Cost-effectiveness ratios for many surgical procedures turn out to be comparable to those for many accepted global public health strategies.

Cost-effectiveness ratios for many surgical procedures are comparable to those for accepted global public health strategies.

While moral arguments have been made to bring surgical treatments to resource-poor countries, researchers from Boston Children’s Hospital have discovered that it also may be cost-effective.

Traditionally, global health initiatives have focused on infectious disease or HIV/AIDS outreach. However, more recent data, including a 2012 study in The Lancet, show a growing global burden of noncommunicable diseases, such as cancer, that require surgical treatment.

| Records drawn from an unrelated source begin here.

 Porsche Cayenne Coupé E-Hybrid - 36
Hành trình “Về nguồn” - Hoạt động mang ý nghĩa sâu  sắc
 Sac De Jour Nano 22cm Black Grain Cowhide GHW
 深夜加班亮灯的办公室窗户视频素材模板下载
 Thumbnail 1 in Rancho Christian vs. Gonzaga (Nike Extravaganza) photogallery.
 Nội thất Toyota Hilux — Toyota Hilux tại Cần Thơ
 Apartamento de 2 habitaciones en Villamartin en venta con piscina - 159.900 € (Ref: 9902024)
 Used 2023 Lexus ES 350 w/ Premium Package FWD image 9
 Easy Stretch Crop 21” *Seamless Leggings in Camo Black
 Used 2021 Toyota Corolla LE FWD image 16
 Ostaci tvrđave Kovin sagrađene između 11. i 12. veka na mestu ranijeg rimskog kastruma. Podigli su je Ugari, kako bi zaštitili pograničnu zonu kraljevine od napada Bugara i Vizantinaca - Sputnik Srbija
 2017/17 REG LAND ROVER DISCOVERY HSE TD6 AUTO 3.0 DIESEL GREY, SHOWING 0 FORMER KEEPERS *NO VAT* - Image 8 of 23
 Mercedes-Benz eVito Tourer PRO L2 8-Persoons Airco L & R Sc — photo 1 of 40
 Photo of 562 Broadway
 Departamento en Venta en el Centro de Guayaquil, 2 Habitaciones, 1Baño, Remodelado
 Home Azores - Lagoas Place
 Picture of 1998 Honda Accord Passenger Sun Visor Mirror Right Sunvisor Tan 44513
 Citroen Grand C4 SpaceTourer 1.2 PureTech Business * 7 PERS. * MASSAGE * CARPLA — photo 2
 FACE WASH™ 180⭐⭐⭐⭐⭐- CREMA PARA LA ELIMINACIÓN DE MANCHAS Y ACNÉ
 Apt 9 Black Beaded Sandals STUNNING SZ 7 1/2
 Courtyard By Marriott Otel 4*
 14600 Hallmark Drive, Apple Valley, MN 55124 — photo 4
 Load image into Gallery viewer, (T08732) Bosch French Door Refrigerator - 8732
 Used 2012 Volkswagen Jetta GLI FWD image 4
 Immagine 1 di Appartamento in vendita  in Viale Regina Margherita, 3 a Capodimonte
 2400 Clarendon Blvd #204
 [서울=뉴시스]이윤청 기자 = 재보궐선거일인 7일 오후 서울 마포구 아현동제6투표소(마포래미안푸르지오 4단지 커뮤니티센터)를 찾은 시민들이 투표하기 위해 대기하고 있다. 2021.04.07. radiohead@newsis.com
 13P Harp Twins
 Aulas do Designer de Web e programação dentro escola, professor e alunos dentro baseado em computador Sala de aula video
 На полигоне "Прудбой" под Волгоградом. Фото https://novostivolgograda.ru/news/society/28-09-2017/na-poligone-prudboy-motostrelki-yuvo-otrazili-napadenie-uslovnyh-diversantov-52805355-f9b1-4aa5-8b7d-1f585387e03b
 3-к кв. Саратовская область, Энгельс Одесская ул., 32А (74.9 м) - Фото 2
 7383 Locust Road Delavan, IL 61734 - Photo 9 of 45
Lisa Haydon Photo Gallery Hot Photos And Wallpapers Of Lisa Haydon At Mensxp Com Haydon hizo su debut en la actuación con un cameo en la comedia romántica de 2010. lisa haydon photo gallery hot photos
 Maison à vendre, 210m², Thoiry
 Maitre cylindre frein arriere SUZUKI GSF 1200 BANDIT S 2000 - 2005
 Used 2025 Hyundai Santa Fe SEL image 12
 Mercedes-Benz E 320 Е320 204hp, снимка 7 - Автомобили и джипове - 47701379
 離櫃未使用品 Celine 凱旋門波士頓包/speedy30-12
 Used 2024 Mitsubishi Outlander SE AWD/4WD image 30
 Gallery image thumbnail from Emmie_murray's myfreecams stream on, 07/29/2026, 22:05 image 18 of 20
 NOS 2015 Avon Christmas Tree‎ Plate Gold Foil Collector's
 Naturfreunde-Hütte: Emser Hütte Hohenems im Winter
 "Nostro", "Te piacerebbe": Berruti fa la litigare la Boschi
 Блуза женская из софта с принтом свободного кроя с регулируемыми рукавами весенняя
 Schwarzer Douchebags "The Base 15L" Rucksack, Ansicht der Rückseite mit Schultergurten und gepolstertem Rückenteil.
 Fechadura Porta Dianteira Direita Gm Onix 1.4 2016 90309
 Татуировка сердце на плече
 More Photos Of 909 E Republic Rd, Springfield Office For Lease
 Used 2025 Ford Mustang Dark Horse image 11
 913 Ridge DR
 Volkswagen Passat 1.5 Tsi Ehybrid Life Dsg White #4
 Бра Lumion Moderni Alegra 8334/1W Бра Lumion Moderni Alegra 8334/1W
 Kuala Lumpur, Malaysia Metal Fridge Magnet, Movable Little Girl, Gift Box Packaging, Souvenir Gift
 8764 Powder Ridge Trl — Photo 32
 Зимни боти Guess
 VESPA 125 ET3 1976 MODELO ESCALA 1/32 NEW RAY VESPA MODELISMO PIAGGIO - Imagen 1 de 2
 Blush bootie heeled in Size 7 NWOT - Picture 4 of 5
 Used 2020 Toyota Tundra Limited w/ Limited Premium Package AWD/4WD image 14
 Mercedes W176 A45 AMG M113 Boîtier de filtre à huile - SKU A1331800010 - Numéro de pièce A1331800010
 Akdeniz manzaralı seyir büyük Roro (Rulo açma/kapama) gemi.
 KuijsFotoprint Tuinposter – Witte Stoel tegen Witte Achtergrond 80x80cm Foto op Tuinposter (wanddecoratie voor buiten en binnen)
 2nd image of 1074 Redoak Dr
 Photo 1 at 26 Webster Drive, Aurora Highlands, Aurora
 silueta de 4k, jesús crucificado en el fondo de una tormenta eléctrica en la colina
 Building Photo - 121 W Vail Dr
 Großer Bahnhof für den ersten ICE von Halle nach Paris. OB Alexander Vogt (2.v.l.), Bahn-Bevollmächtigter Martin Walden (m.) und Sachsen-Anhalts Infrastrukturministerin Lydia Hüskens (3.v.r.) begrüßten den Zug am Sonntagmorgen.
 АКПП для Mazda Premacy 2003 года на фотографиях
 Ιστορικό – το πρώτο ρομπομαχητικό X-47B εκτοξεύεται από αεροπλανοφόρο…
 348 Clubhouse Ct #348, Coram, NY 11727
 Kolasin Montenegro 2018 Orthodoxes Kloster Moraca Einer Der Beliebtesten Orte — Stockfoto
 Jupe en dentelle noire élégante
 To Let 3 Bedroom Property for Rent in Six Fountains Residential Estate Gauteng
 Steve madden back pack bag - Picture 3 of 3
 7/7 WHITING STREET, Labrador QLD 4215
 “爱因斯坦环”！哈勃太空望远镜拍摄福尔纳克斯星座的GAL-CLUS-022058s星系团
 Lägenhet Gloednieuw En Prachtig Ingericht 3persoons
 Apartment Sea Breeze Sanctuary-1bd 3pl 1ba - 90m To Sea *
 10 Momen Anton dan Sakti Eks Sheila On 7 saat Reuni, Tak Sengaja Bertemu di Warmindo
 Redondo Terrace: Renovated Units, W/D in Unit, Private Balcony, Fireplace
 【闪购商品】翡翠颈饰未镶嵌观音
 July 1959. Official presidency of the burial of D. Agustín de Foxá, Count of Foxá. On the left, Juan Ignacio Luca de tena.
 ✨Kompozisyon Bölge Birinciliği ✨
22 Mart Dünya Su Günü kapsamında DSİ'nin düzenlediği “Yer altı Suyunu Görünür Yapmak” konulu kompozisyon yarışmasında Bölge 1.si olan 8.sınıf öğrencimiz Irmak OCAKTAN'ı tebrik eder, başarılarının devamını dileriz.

Surgical disease was previously thought to comprise at least 11 percent of the total global burden of disease, but the Lancet paper showed approximately 25 percent of people requiring surgical assessment, based on a widespread survey in Sierra Leone. Additional research has revealed that up to 85 percent of pediatric patients in Africa have a surgical condition by the age of 15 years.

“However, the prevailing perception is that surgical care is too expensive and not cost-effective enough to bring to developing countries,” states Tiffany E. Chao, MD, a Paul Farmer Global Surgery Fellow in the Plastic and Oral Surgery Department at Boston Children’s.

Previous studies have evaluated surgery’s cost-effectiveness in distinct settings for specific conditions, but Chao and her colleagues conducted a systematic review of all such studies in developing countries. “While we acknowledge that surgery is still expensive in terms of resources, we showed that it was still cost-effective,” Chao notes.

To calculate cost-effectiveness, the researchers used disability-adjusted life years (DALYs), wherein one DALY is defined as the loss of the equivalent of one year of life at full health. Chao and her colleagues found that surgery in resource-poor settings has a median cost of $82.80 per DALY averted. The most inexpensive procedures included $5.37/DALY averted with trachoma surgery in Kenya and Benin, $7.48/DALY averted for cataract repair in Nepal and $7.91/DALY averted for circumcisions in Mozambique.

These cost-effectiveness ratios, Chao notes, are comparable to global public health strategies like BCG vaccination ($88.66/DALY) or medical regimens for ischemic heart disease ($897.04/DALY), and are far more cost-effective than HIV treatment ($1,198.86/DALY).

Based on the varied research that was reviewed—spanning multiple countries and methods—the researchers concluded that surgery can be cost-effective to very cost-effective, which provides “a strong argument for the scale-up of surgery in today’s global health movement.”

“Despite the heterogeneity of study quality and design—which again, varied greatly—nearly all the studies found that surgery is cost-effective,” Chao says. “While it’s hard to compare expenses across countries, the take-home message remains that bringing surgery to these under-served areas of the globe is cost-effective.”

This research was first presented at the 14th annual M. Judah Folkman Research Day at Boston Children’s Hospital.